Thursday, September 10, 2020

B158. Simple Views and Ponderings from a Morning Walk


Oh the treasures within our reach at every moment. How I love the coolness of a September morning walk. The lazy chirp of a single bird. The neighbor in his pickup truck who stops to chat. The many hints that Fall is coming soon.

I'm thinking this morning of how little of God's creation we ever see or understand, of how each of us is such a tiny yet giant part of the vast universe, of how our own life experiences, unlike those of anyone else, give each of us wisdom and knowledge and skill that make us valuable to the whole, to each other, all intricately woven into nature's tapestry.

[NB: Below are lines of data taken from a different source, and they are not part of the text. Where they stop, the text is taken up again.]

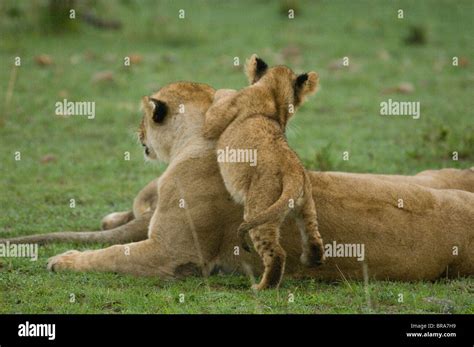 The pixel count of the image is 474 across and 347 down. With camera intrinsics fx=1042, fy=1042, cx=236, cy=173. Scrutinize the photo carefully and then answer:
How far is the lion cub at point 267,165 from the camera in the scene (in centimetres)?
561

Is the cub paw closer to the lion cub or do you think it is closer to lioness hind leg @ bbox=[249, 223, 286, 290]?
the lion cub

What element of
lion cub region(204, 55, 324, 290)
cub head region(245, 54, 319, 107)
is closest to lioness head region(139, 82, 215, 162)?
lion cub region(204, 55, 324, 290)

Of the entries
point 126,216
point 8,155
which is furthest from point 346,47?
point 126,216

Like Pastor Lara's recent sermon illustration about the giant sequoias in Yosemite Park. Some are almost as big around as the church sanctuary, she said, and reach high into the sky. Yet the roots are not deep. Their strength instead comes from their roots intertwining with the roots of the others, so that the whole forest works together, giving strength and protection to all.

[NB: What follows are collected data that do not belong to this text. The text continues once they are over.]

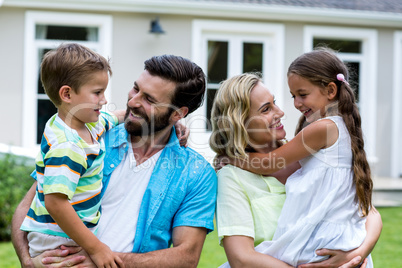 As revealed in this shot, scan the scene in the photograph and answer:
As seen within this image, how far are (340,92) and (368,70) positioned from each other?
701 cm

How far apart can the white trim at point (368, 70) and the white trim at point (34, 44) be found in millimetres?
3615

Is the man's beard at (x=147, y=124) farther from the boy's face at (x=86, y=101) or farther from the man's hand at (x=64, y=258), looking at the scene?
the man's hand at (x=64, y=258)

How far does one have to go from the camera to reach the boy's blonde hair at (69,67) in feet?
7.32

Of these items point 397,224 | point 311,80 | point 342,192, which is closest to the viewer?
point 342,192

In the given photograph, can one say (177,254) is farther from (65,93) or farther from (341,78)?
(341,78)

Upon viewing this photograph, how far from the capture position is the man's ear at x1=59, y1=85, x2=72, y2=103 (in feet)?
7.43

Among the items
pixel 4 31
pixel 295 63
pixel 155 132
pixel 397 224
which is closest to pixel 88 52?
pixel 155 132

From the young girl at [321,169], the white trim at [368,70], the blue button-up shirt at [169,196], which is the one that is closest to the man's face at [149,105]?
the blue button-up shirt at [169,196]

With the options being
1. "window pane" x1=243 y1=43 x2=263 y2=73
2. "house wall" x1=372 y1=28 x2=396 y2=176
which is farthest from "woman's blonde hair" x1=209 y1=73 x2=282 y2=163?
"house wall" x1=372 y1=28 x2=396 y2=176

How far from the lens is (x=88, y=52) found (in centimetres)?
228

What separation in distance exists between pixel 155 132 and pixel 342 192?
3.15 feet

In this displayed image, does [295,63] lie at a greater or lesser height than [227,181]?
greater

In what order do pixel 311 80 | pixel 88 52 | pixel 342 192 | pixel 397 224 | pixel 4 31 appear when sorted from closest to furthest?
pixel 88 52, pixel 342 192, pixel 311 80, pixel 397 224, pixel 4 31

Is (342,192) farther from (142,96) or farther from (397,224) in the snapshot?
(397,224) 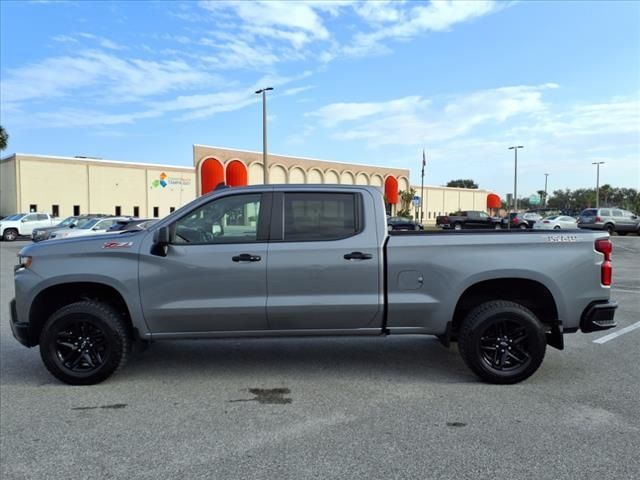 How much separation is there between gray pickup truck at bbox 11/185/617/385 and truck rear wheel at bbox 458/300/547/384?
12 mm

We need each other's differences, each other's wisdom, knowledge, skills, and perspective, to make us all One as God's creation, to make us whole. I will share myself, but in humility, acknowledging that my understanding on its own is flawed in its incompleteness.

Look back at the top photo. Nothing but road? Here's a closer view, still not easy to see, as nature has so designed. A baby kingsnake, about 10 inches long if stetched out straight. Often food for hawks and other large birds, but those that live to adulthood  will eat other snakes including venomous rattlesnakes. Kingsnakes, just because they are snakes, are often feared and harmed, but they are helpful, not harmful, to humans. What/Whom else do we fear to our own detriment?

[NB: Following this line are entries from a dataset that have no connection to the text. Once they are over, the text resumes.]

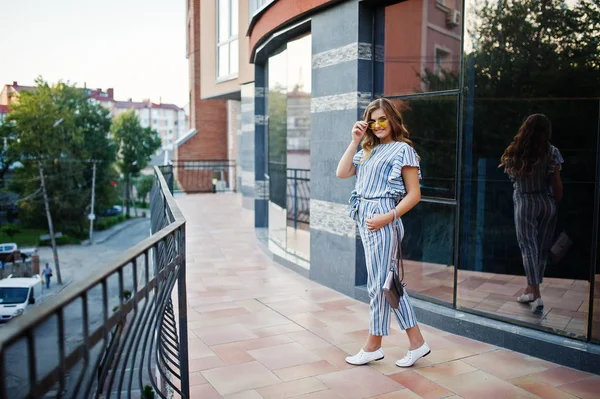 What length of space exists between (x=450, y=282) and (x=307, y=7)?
342 centimetres

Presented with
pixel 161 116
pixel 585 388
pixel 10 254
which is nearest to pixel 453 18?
pixel 585 388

Consider the acorn. Hundreds beneath one tree, they feed the squirrels. And inside each acorn is a mighty oak tree. Not every acorn will become an oak, but every oak tree was once an acorn, an acorn that went through numerous struggles and changes, dying, burying underground, reaching for the sunlight, sprouting, enduring even the most threatening of storms . . . Who are the mighty trees around you? Are you listening to them? There is often great wisdom in those who have known great struggle.




Many morning glories greet me on my walk, mostly bluish violet, with a few white like this one.  Not planted by any human, they open up every morning to greet those passing by. Then they close back up until the next break of dawn. Those who walk during the afternoons probably miss them, as I miss what only they might see.

With all the recent rain, I encounter various shapes and sizes of mushrooms. It was an accident, but this photo is an optical illusion. You might see the mushroom shaped as an open flower facing slightly right of the the direction of the above flower, or you might see it toadstool-shaped. It's possible to see it both ways; and while we focus on the mushroom, what might we be missing in the surrounding clover?

Alone, we will never see everything, and even what we do see is incomplete without the views and experiences of those who see things from other perspectives. In God's vast universe, a first sign of wisdom must be the acknowledgement that "I see and understand so very little," and a second, that "we all need each other."